温应平怒喝一声,飞身踢向坐在后排的峰宇。
峰宇躲过,他原坐的桌椅被温应平踢中,破成一堆木屑。
周围的女生尖叫着散开。
峰宇拍着衣摆处沾上的扬起的粉屑,“这桌椅可不怎么结实呢”
温应平见他还是早先那般不温不淡的表情,怒气更甚,“少在那里装模作样!你在来这之前不过是个给人倒夜壶的脏小子!比寻常奴才更加卑贱!哪有资格跟我们坐在一起!”
“听闻天魔教现今的教主也是奴婢出身,可如今在天魔教里谁人敢提她这一身份可见,英雄是不问出处的”
温应平嗤笑,“就凭你还敢跟教主相提并论”
一向脸上并无多余表情的峰宇谈及零凝似乎尤为认真,衣袖下的拳头攥紧,很是不忿,“她也是人,我也是人,怎么不能相提并论因为我与她相同的人生经历,总有一天当我站到与她一样的人生高度时,我们才更有共同话题,更会惺惺相惜!”
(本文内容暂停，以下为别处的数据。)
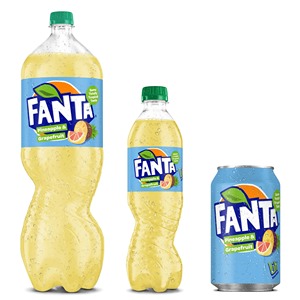 Fantaa Orange Soda Drink Bottle <b>Sweet</b> and Tangy Fizzy Beverage for Quick Refreshment Social Gatherings, and Everyday Use - Product Image 5
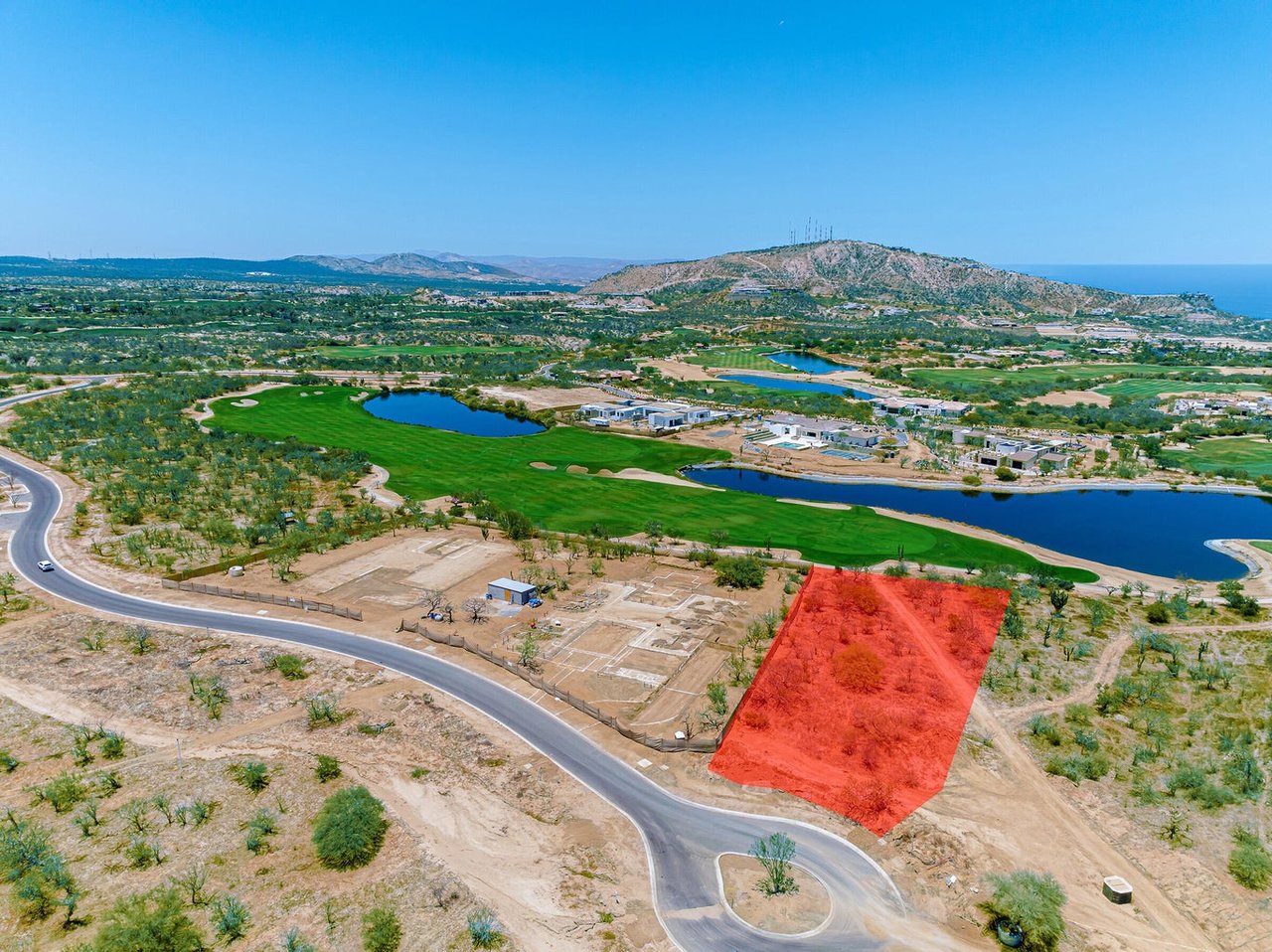 Palmilla Park Homesite 9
“哈哈哈…”温应平像是听到了世界上最好笑的笑话,“我看你不是疯了就是傻了”他不想再跟峰宇在这这个问题上多聊下去,“既然是个疯子傻子,我也犯不着跟你计较,洛先生,我身体不舒服,要跟你请个假,请你批准!”
说是问询,可却未给洛先生拒绝的余地。
洛先生知道温应平很得武堂主的宠爱,坊间更有传言,说他是武堂主的私生子。
所以,仗着这一关系,温应平平时在天魔教处事很是嚣张跋扈,目中无人。
见洛先生点头,温应平满带优越感地扫视了众人一眼,冷哼着向外走去。
随着他的离去,这一场闹剧无疾而终。
经过温应平这一番闹腾,洛先生也无心教学,只敷衍地叫我们温习之前所学后,便也匆匆离去。
下学后,我随着人流走出这处洞穴,正不知该何处何从时,刚到门可就见着那位之前带我进来的粉裳女子。
她像是算准了我的下学时间,特意来接的我。
我低头打量着身上与她相同质地相同款式的粉裳,心想,这天魔教似乎是以衣裳颜色来区分不同堂会。
“堂主有请”粉裳女子等我走近后,斜睨我一眼,不冷不淡地道。
“嗯”从进了这天魔教,我便已没了选择,如同提线的木偶一般跟着粉裳女子往先前来的那个方向走去。
还是在那处放了装着两具尸体的木桶的木屋里,岛皿正坐在凳子前,百无聊赖地摔着面前桌子上放着的青花瓷杯盏的杯盖。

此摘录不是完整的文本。